I know my way around the Kijiji network, so here are a few tips to share. Consider this my FREE gift to you.
Include photos. People want to see your goods—so to speak. Make sure photos are clear and show the item from several angles.
Set and post a price. The whole “Or best offer” thing is awkward. Expect that buyers will offer less, so decide ahead of time how low you’re willing to go.
Search your item in other Kijiji ads, on Craiglist and eBay. Factor in the age and condition of the item and what it sold for originally. Use this information to price your item reasonably.
Don’t post any personal information in your add—your name, phone number, or home address.
If you have an email signature attached to your email, remove it when corresponding with potential buyers (I forgot last time and lost sleep over it). Better yet, use your “junk” email address—the generic one you use for entering contests, etc.
Be honest and specific. If the item has a scratch or is missing an accessory, state this in the ad.
Keeps ads short, include all relevant information and spell-check before posting.
Include something like, “If this item is still posted, it is still available. When it is sold, I will remove the ad immediately.” This will lessen the annoying, “Is this item still available?” messages you may receive.
Respond to the first reply to your ad. Set up a date and time for pick up. Then confirm the price. For example, “The price is $45 cash and you’ll be picking it up on Tuesday at 4pm, correct?” Then edit your ad title with the letters PPU. This lets people know that the item is “Pending Pick Up.”
Respond to any other interested buyers with something like, “Thanks for your interest in the Thigh Master. It is currently sold, pending pick up. If the buyer doesn’t show up, I’ll be sure to let you know.”
Remove the ad as soon as the item is absolutely sold.
Safety is important. If you’re uncomfortable giving out your home address, ask to meet at a public place—the mall for example. Do not let buyers into your home. The garage with the door open to the street is a meeting place option.

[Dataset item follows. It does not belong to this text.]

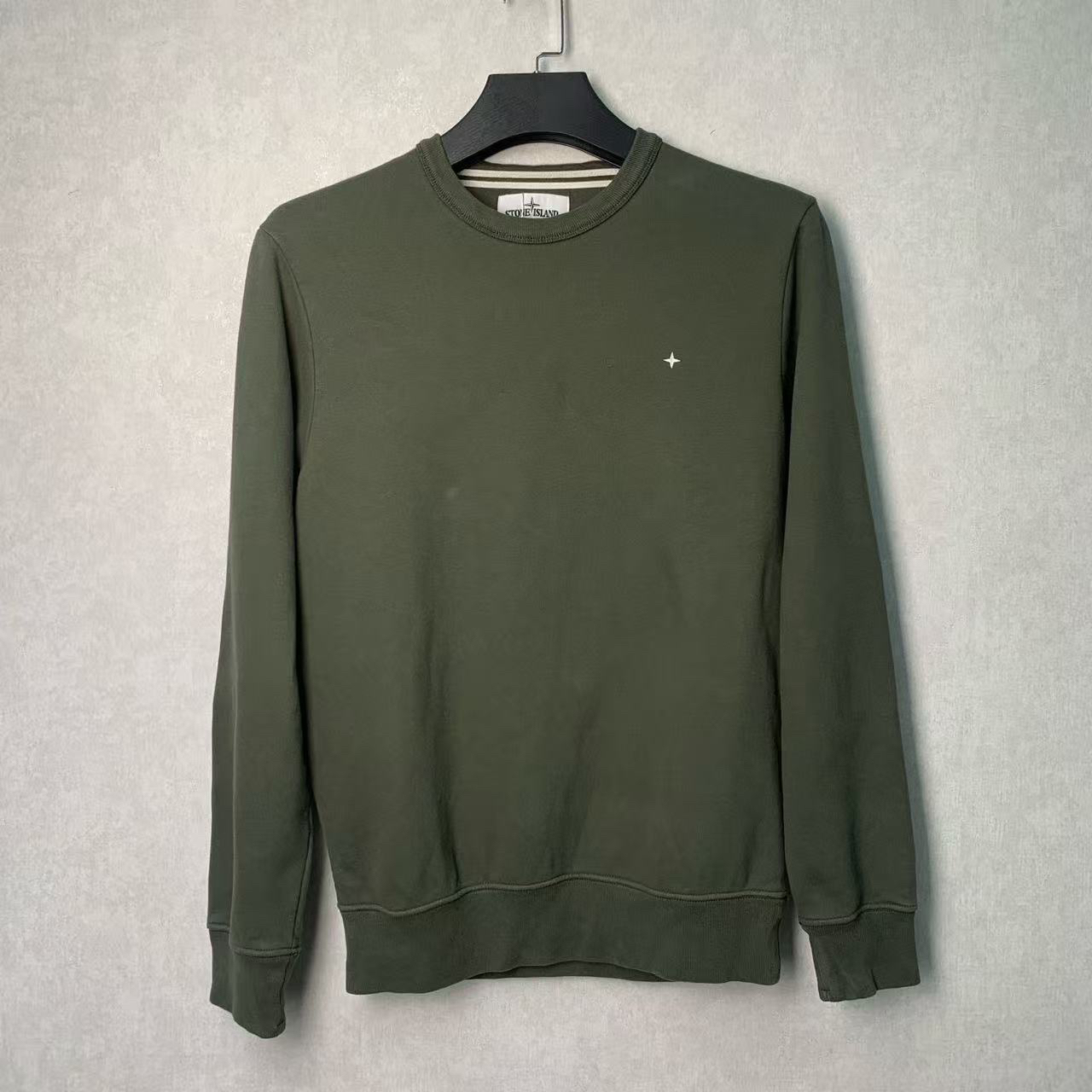 95新 STONE ISLAND 深绿色卫衣 S码 95新 胸围48 衣长69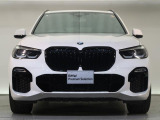 【キドニーグリル】BMWの代名詞。一目見ただけでBMWであると認識できる確固たるアイコンとして存在感を放ちます。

Make sure your spouse or a friend is there with you at pick up.
Check frequently—lots of new ads go up hourly so keep looking. You have to be fast to snap up the good deals.
Purchases are made in cash so hit the ATM on your way to pick up your item and bring exact change.
If you don’t like the item once you see it in person, you have every right to walk away. Politely.
Do not go into a seller’s home. Do your dealings outside. Bring a buddy with you.
Use your generic email addresses for correspondence.
Some might consider secondhand Christmas gifts tacky. I disagree. It's not like you're going to buy your dad a moth-eaten Christmas sweater or give your son a set of Encyclopedia Britannica circa 1978. There are some perfect finds out there—something just right for you at a price that can't be beat. That vintage album that you know your husband would love or that sweet wooden dollhouse that some little girl loved but has outgrown? They're out there waiting for you. I found a guinea pig cage with all the accessories, food, etc. for a fraction of the price I would have paid at the store. This was part of my son's early Christmas gift. I also found a brand new wetsuit for my daughter who freezes in the swimming pool. The seller had ordered the wrong size and couldn't return it so they sold it on Kijiji for peanuts.
Always follow proper Kijiji etiquette and keep safety in mind, and you too can have yourself a Kijiji little Christmas and a Craigslist New Year!